Among the items he purchased -- with his American Express card -- were a signed photo of Walt Disney, an "X-Men 2" collage with a signed Halle Berry belt buckle, a signed Star Wars display and a framed "Great Comedians" collection.

Total price: a little more than $10,000.

VegasBits

Mag man: Photographers from Marie Claire magazine were shooting Steve Connolly the other day. Connolly performs as Elvis Presley in "Spirit of the King" at Fitzgerald's downtown, and the shoot was for a story comparing entertainment and show costs in Las Vegas ...

Critic: We're hardly theater critics, but we know what we like. That said, "Bat Boy," the Las Vegas Little Theatre production based on articles culled from the Weekly World News, is arguably one of the most creative and hilarious productions we've ever seen. John Waters would be proud of what director Walter Niejadlik has done ...

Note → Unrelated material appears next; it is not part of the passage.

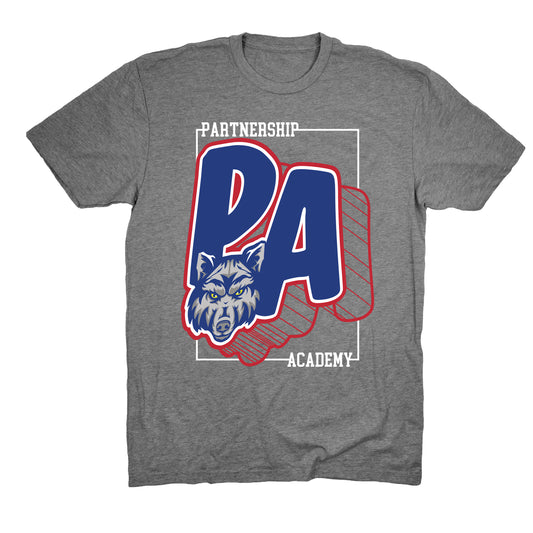 PA WireFrame Deep Heather Grey Youth Tee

Cover boy: The Linking Ring -- the official publication of the 10,000-member International Brotherhood of Magicians -- has Las Vegas resident Terry Nosek on its August cover. Nosek has had a distinguished career as a performer, author, columnist and radio host ...

Safe house: Perhaps the most secure room in town last Thursday night was the Big Apple Lounge at New York-New York. About 175 Marines, in Las Vegas to attend a recruiting conference, jammed the bar to hear Soul Desire ...

Sweet: Las Vegas resident Ed Feldman and his occasional business partner Dick Clark recently acquired the British franchise rights to Krispy Kreme donuts. They plan to open their first London outlet -- inside Harrod's, the city's famous department store -- sometime in October.

From Sun wires

Two men have sued Sean "P. Diddy" Combs for $25 million each, claiming that a security team at the rap mogul's recording studio attacked them for no reason. Lawsuits filed Monday in Manhattan on behalf of Thomas Guest and Damon Jackson allege that they were assaulted in August 2002 at the Daddy's House studio on West 44th Street.